# Superyacht Dwarfs Small Dutch Town



## Geoff Gower (Sep 8, 2011)

Check out this aerial drone video of a brand new 83.5-meter (nearly 274 feet!) superyacht in the canal’s of the small town of Alphen aan den Rijn, in the Netherlands.The yacht, named Savannah, was transported Thursday from Feadship’s Royal De Vries Aalsmeer shipyard to Rotterdam. The superyacht is the first to feature a hybrid diesel-electric propulsion system, making it one of the most environmentally-friendly superyachts in the world.According to a Feadship statement announcing Savannah’s launch in January:
Savannah has a dynamic hull shape with a very fine entry, uses one efficient medium-speedWärtsilä main engine instead of two higher-rev diesel motors, a single central propeller shaft installation on the centreline and three gensets.Redundancy is ensured by fitting a large contra-rotating and azimuthing sternthruster just aft of the main propeller. The design of the aft ship allows for a propeller that is forty per cent larger than the norm. Combined with the power supplied by the thruster, the load on the propeller is only half that of a conventional twin screw yacht. This again results in a higher efficiency and fewer vibrations. In addition, the large sternthruster also ensures excellent maneuverability in marinas.“It is not the individual technologies used on Savannah that are new in the yachting world – it is the way they have been combined,” said the owner’s project manager, Ted Mc***ber. “Feadship has leveraged on all the options available in the marine industry today to bring this hugely innovative system to completion.“The possibility to choose between diesel, diesel-electric or fully electric is truly exceptional. Moreover, Savannah is the first yacht in the world to be running with an azipull and a variable pitch propeller. Only Feadship engineering and the rich experience of this yard could have successfully concluded a project of such scope and vision,” Mc***ber added.


----------



## slick (Mar 31, 2006)

All,
Ah!,
"The have nots and the have Yachts!!

Yours aye,
slick


----------



## Alistair94 (Jan 16, 2006)

Link here https://www.youtube.com/watch?v=eZhk9P3yS4M


----------



## ben27 (Dec 27, 2012)

good day geoff gower sm.yesterday.22:27.re:superyacht dwarfs small duch town.it is an amazing looking vessel.the arial view is great by alistair94.sm,#3.thank you for posting,regards ben27


----------



## NoR (Mar 24, 2008)

That's one ugly SOB.


----------



## Varley (Oct 1, 2006)

Has the looks of an underfed snail.


----------



## Barrie Youde (May 29, 2006)

#6

How very polite!


----------



## 5036 (Jan 23, 2006)

Fancy getting a rope caught up in this lot?
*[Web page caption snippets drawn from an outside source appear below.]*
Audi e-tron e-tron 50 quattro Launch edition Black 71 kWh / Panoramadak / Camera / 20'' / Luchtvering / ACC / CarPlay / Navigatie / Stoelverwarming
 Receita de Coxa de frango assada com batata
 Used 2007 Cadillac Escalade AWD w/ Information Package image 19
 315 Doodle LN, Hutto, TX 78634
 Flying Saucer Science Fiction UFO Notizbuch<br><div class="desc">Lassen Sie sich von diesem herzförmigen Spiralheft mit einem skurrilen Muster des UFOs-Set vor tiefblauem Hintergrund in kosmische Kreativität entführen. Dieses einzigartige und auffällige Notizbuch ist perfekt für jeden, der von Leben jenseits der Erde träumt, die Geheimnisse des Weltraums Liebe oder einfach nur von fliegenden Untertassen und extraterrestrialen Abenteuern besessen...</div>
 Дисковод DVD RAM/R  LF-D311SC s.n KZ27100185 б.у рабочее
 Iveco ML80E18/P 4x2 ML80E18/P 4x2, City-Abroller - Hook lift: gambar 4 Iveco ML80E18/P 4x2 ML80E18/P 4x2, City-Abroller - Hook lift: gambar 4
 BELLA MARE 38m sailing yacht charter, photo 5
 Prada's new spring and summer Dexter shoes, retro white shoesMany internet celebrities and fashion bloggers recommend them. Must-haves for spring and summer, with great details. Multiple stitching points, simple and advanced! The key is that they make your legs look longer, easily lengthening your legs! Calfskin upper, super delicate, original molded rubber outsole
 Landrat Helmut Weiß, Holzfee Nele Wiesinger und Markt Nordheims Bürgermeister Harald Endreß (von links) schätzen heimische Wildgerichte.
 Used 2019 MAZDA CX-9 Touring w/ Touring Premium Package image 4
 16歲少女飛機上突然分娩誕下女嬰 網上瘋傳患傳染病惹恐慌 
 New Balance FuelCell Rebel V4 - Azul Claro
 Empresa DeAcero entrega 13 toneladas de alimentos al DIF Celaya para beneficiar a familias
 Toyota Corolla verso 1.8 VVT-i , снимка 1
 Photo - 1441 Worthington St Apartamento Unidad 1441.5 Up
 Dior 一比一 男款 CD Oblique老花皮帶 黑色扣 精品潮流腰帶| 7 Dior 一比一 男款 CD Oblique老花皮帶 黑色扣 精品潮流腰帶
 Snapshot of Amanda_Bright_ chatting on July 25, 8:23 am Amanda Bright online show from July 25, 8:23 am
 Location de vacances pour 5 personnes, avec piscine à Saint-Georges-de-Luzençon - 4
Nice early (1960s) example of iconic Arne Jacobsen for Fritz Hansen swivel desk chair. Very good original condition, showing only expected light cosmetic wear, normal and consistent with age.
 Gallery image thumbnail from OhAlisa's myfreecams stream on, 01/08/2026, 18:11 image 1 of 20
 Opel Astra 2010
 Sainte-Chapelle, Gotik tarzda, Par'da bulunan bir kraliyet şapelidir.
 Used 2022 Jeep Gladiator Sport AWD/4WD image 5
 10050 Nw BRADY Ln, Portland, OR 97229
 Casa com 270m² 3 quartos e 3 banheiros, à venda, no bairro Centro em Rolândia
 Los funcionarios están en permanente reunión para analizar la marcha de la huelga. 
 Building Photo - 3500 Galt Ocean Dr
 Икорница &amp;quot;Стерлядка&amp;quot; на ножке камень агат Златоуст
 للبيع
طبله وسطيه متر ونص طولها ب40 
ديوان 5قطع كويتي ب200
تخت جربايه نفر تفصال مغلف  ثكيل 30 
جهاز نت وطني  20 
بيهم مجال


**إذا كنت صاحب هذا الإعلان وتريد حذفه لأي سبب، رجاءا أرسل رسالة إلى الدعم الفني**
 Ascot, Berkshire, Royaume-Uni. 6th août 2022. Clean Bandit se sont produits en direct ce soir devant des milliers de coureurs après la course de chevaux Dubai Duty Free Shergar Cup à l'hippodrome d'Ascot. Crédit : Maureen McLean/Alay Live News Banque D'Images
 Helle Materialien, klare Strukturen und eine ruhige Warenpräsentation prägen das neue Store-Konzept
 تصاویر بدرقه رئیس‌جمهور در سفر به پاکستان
http://www.feadship.nl/en/services/...rview/item/savannah/slide/savannah-exterior-7


----------



## Dartskipper (Jan 16, 2015)

It seems strange that the Feadship Organisation, having built so many good looking, elegant motor yachts in the past, can now turn out vessels that are just plug ugly. Still, the new owner is probably very proud of it. Until something bigger moors alongside, that is.


----------



## Varley (Oct 1, 2006)

Barrie Youde said:


> #6
> 
> How very polite!


Barrie, I think you read-in precisely the level of impoliteness intended! David V


----------



## Barrie Youde (May 29, 2006)

#10 

Quite so, David!

I'm no more immune from the sin of envy than anybody else might be. But I would not envy anybody who might own a thing like that.

V best,

BY


----------



## Varley (Oct 1, 2006)

No Barrie, me neither. Rather like art. If I wouldn't have it on the wall I'd sooner have the money.


----------



## Barrie Youde (May 29, 2006)

#12

Amen to that!


----------